(Bloomberg) -- Chevron Corp. is urging Venezuela to clean up Lake Maracaibo in the hope of almost doubling the amount of oil that can be loaded on its ships, which currently risk running aground because of an accumulation of sediment.
The US driller is paying for a study for state oil company Petroleos de Venezuela SA to measure the mud and muck in the water, according to people familiar with the situation who asked not to be identified because the plan hasn’t been made public.
The study is intended to guide dredge work that PDVSA would then carry out via a contractor. That dredging could allow Chevron’s ships to increase their current cargoes to 400,000 barrels, compared with about 250,000 now, just months after the US eased restrictions on operating in the Latin American country.
Maracaibo, a Caribbean inlet the size of Connecticut and one of the oldest lakes on Earth, is where Venezuela’s oil industry got its start.

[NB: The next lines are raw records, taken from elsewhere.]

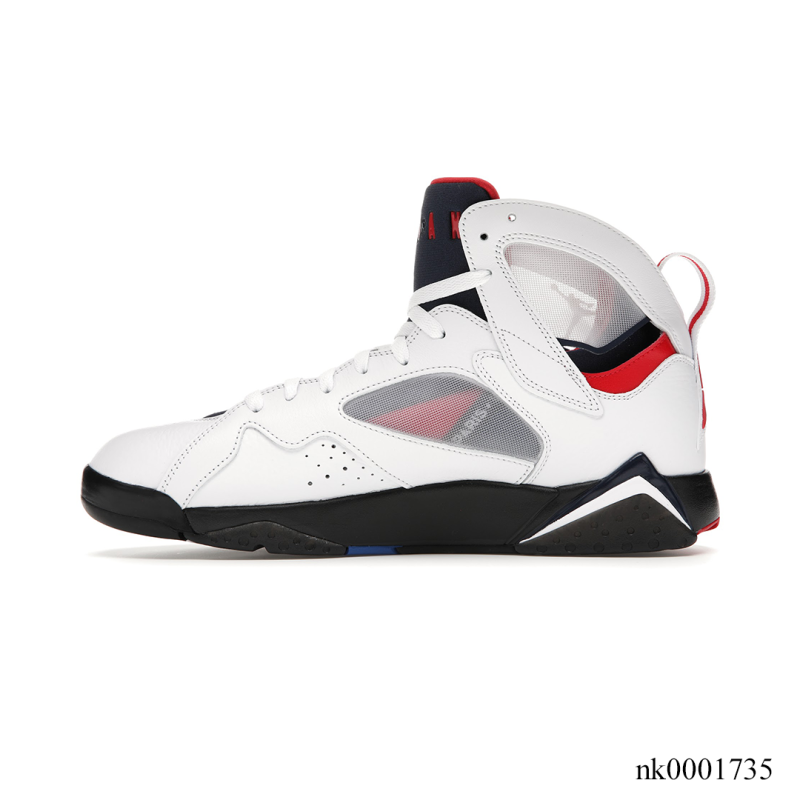 aj7 paris saint germain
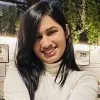 saloni akiwate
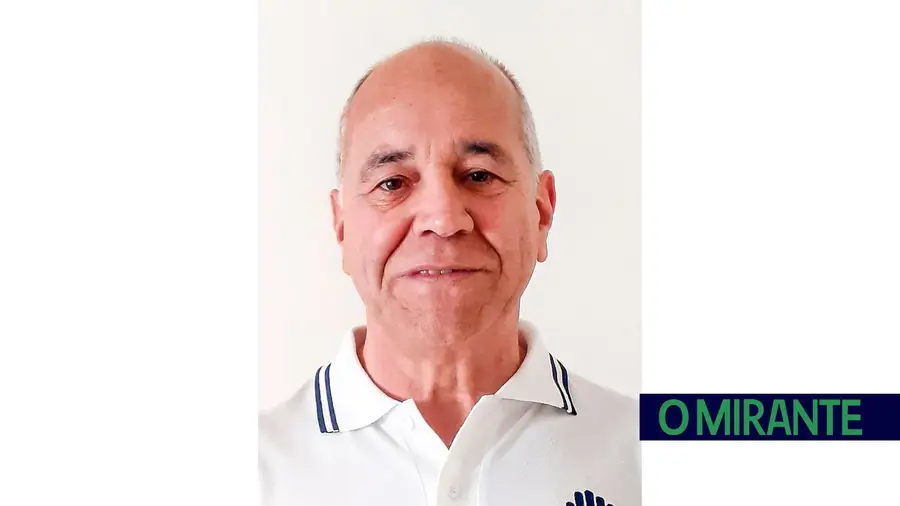 Carlos Ratão Carlos Ratão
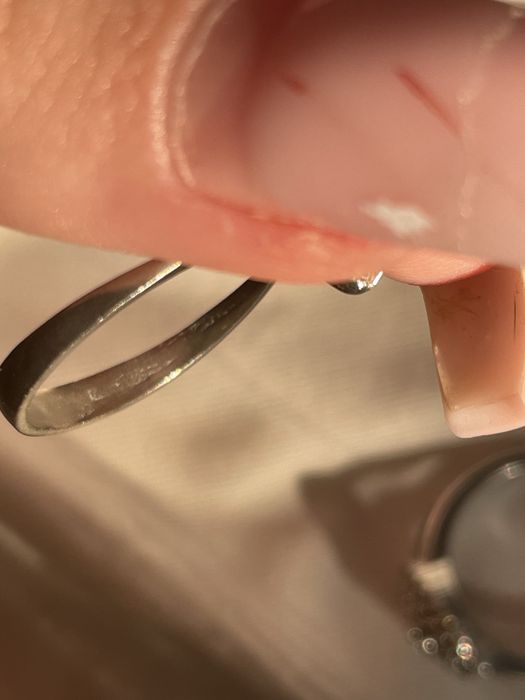 Маркови и скъпоценни пръстени с истински камъни и печати и АНТИКИ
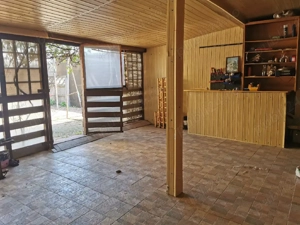 Casa Ploiesti - imagine 8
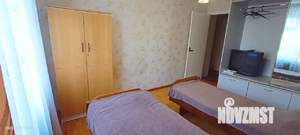 2-к квартира, на длительный срок, 54м2, 4/9 этаж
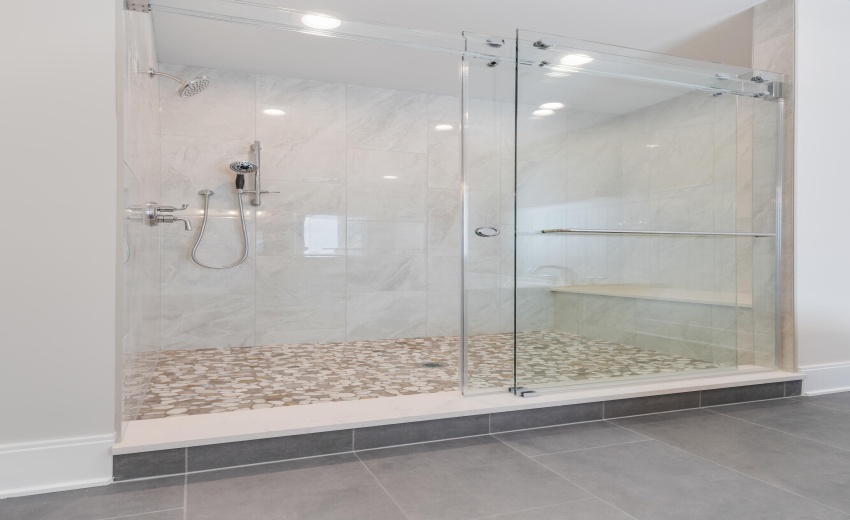 17_12984SpireaAve_StJohn_IN_Full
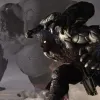 Asura's Wrath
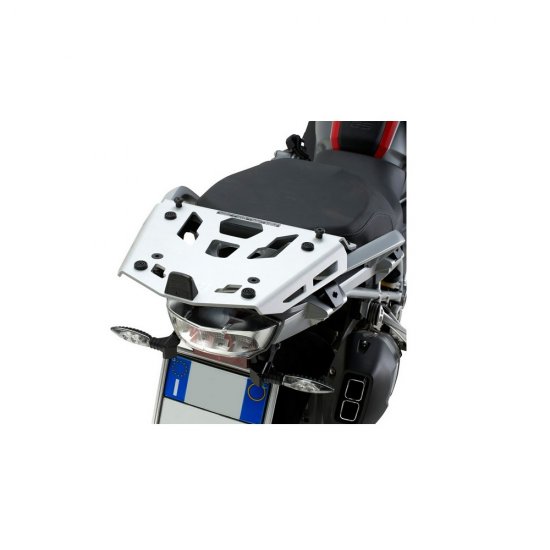 ΣΧΑΡΑ GIVI SRA5108 BMW R 1200 GS  13 > 20  αλουμίνιο 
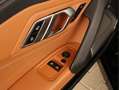 BMW Z4 Roadster M40i High Executive Negro - thumbnail 17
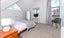 53A Kimber Hall Avenue, Mount Roskill, Auckland - Carousel 9
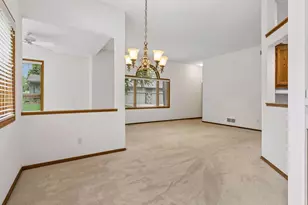 4143 Arbor Ln, Eagan, MN 55122 - Photo 14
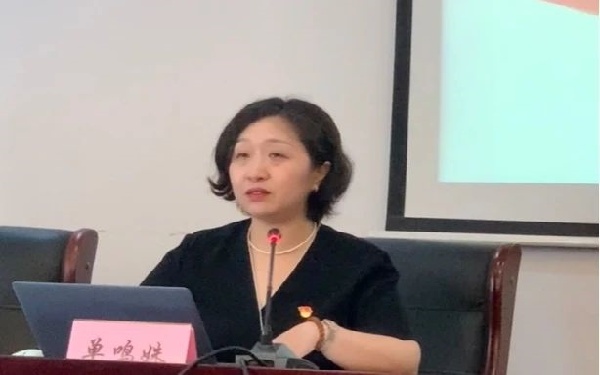 微信图片_2025-08-04_091453_367.jpg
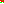 Destellos dst-393302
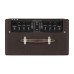 Fender 2314404000 Acoustic Junior GO Acoustic Amplifier 230V UK Fender 2314404000 Acoustic Junior GO Acoustic Amplifier 230V UK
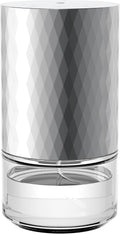 Waterless Diffuser Essential Oil 100ml Capacity - Portable Metal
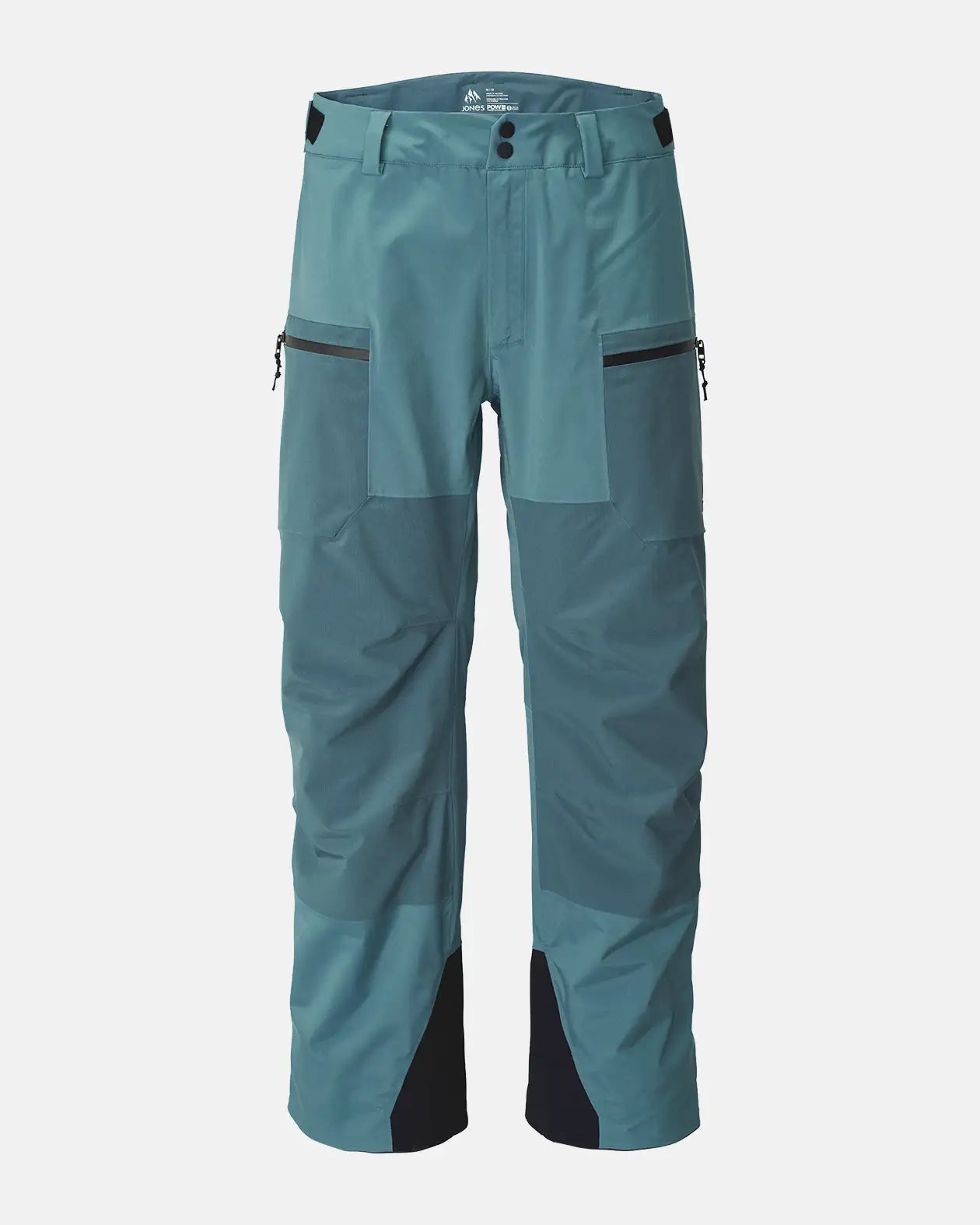 Men’s MTN Surf Recycled Pants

After a century of relentless and — most recently — reckless drilling, oil slicks stain the surface of the lake and sediment grows at the bottom.
PDVSA did not respond to a request for comment. In an emailed statement, Chevron confirmed it began shipping from Venezuela in January but did not comment on the dredging. “Our focus is on supporting safe and reliable operations,” the company said.
Chevron ships Venezuelan crude from Maracaibo to Gulf Coast refineries, including its Pascagoula facility in Mississippi which was designed to handle the South American country’s thick, sulfurous oil. Cargoes exported by the US driller are limited to no more than 250,000 barrels because heavier loads can’t reach the Caribbean. While PDVSA initially reached out to a Dutch company for dredging, no payment has been made, the people said.
Venezuelan crude oil exports fell in February as increased flows to the US failed to offset a sharp drop in volumes to China, according to Vortexa and shipping data compiled by Bloomberg.